== What the task asks ==
From the data that follows, print exactly the lines starting at the one containing "Staff of Dominance - Dark Portal - WoW card" and ending at the one containing "Varusteleka Jääkäripuukko 140"; include both of them and nothing more.

== Brief descriptive captions ==
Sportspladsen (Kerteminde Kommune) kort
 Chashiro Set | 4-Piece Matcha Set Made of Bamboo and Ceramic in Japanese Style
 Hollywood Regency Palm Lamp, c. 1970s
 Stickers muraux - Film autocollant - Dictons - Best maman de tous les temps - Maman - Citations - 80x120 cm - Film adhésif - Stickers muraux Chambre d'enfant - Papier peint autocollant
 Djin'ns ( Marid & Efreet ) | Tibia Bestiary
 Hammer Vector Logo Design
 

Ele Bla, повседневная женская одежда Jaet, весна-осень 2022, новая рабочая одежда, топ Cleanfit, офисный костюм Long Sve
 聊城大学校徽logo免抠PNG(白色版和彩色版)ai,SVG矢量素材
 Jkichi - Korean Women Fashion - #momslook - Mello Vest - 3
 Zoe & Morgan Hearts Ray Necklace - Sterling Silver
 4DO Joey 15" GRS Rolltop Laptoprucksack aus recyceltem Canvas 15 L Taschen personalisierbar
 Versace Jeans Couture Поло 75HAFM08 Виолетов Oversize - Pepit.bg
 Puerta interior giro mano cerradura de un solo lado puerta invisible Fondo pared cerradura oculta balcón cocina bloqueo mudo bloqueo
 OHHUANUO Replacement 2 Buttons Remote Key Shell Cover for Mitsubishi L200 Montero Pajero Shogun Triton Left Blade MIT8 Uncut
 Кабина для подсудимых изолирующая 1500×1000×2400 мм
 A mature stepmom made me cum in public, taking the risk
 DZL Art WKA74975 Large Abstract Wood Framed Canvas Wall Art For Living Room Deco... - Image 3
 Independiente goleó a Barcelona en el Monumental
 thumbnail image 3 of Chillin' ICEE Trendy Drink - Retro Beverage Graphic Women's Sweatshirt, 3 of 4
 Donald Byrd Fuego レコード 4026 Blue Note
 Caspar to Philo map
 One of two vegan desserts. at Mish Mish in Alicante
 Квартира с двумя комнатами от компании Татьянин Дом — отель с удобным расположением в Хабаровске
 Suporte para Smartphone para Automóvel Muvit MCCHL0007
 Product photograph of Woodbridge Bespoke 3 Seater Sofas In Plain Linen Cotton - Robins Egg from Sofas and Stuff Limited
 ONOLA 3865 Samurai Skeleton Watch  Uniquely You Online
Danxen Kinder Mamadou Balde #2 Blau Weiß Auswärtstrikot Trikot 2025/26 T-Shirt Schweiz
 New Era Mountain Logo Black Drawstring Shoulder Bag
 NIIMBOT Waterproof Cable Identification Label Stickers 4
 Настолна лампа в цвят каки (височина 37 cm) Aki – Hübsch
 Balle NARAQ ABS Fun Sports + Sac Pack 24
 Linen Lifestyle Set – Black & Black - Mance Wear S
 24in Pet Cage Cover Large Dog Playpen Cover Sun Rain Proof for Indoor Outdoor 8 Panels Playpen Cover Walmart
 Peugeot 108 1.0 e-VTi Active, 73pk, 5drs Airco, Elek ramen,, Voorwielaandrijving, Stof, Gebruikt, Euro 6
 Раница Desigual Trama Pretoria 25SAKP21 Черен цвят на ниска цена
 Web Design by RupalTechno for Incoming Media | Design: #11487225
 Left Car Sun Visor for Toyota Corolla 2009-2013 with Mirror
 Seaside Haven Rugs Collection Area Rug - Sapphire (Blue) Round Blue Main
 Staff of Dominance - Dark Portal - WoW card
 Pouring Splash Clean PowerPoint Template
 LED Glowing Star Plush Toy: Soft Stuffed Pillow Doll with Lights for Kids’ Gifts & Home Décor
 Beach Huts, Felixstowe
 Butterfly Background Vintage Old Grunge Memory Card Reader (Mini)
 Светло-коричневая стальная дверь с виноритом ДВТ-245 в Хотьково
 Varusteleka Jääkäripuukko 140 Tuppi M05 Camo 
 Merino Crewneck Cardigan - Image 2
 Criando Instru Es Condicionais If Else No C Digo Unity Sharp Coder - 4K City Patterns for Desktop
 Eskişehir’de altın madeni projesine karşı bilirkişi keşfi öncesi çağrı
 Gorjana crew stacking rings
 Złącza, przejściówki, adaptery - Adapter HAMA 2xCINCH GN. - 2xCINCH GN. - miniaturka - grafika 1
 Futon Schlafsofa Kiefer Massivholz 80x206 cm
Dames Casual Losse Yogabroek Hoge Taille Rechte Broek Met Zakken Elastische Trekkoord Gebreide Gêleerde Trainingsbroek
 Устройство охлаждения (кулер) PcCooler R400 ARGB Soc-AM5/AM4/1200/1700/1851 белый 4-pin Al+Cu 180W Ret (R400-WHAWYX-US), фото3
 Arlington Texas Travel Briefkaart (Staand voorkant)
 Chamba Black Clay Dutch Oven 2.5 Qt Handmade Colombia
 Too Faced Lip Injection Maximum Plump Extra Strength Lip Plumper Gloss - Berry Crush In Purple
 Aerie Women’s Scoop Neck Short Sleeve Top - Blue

== Answer to this problem ==
 Staff of Dominance - Dark Portal - WoW card
 Pouring Splash Clean PowerPoint Template
 LED Glowing Star Plush Toy: Soft Stuffed Pillow Doll with Lights for Kids’ Gifts & Home Décor
 Beach Huts, Felixstowe
 Butterfly Background Vintage Old Grunge Memory Card Reader (Mini)
 Светло-коричневая стальная дверь с виноритом ДВТ-245 в Хотьково
 Varusteleka Jääkäripuukko 140 Tuppi M05 Camo 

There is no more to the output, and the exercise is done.